Task to carry out:
Transcribe the whole listing exactly; the images stay out.

The data:
---------------
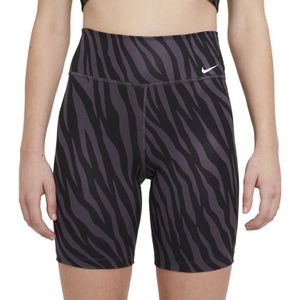 Nike Nike One Womens 7 Printed Shorts Sportshort Dames Zwart Dessin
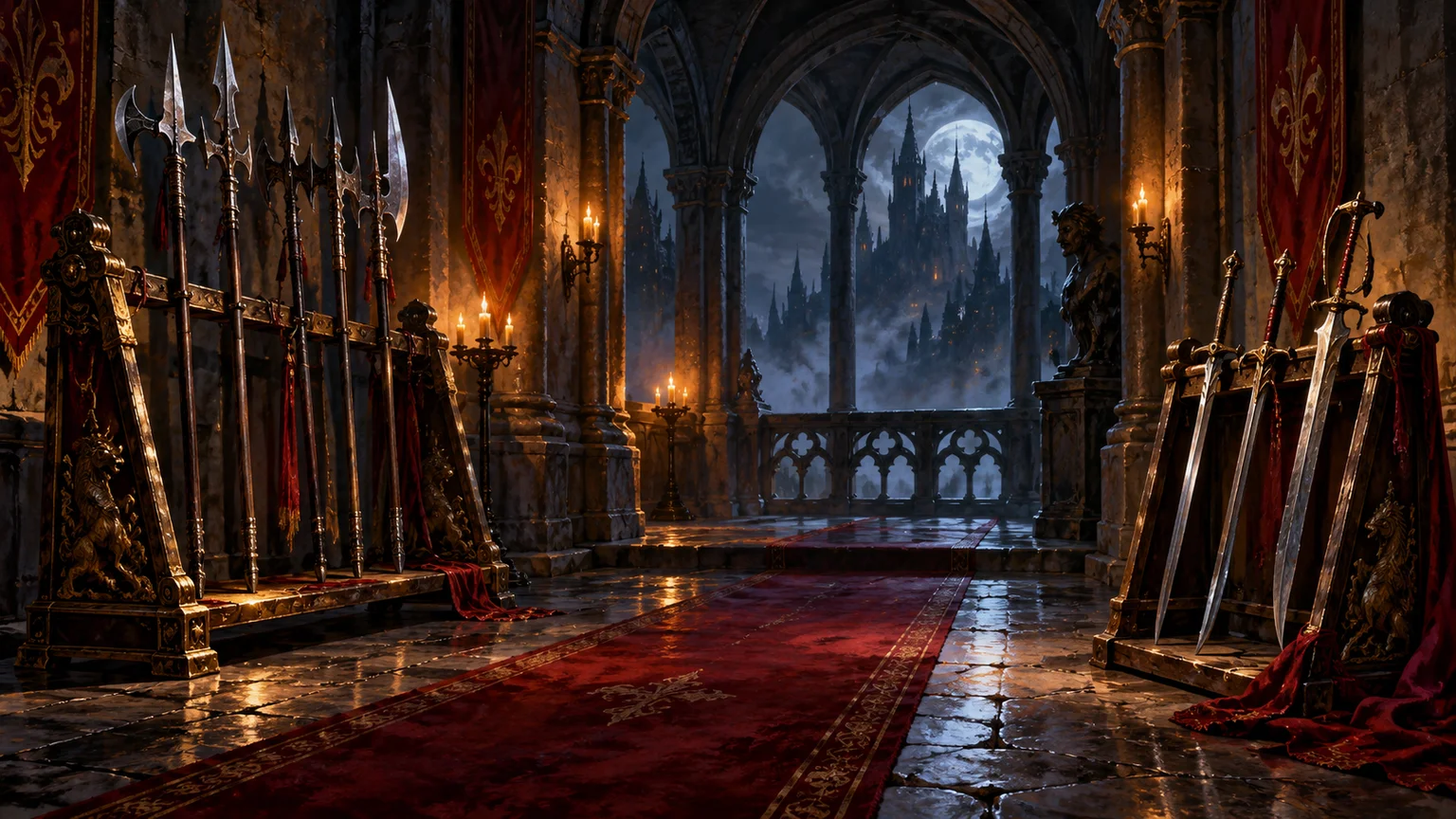 A narrow arched sparring gallery with two distinct empty weapon stands, contrasting distance and close combat through composition. Original conceptual illustration.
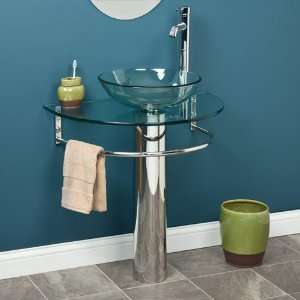  Clear Glass U Shaped Pedestal Sink with Integral Bowl and 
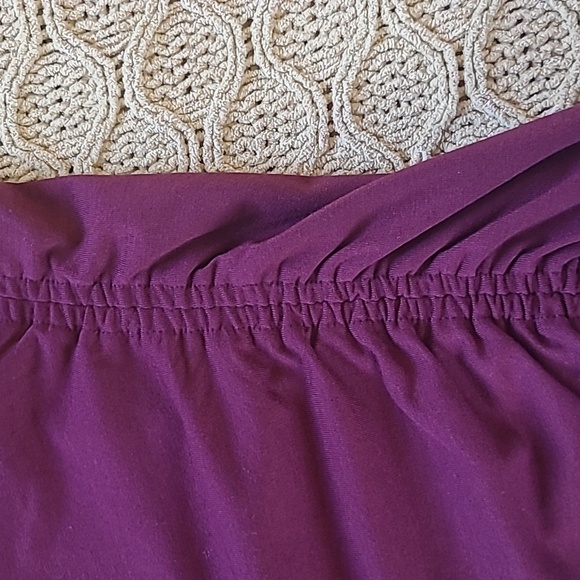 Open Edit Burgundy Ruched Long Sleeve Knit Midi Dress - Size M - Picture 4 of 7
---------------
Result for this task:
 Nike Nike One Womens 7 Printed Shorts Sportshort Dames Zwart Dessin
 A narrow arched sparring gallery with two distinct empty weapon stands, contrasting distance and close combat through composition. Original conceptual illustration.
  Clear Glass U Shaped Pedestal Sink with Integral Bowl and 
 Open Edit Burgundy Ruched Long Sleeve Knit Midi Dress - Size M - Picture 4 of 7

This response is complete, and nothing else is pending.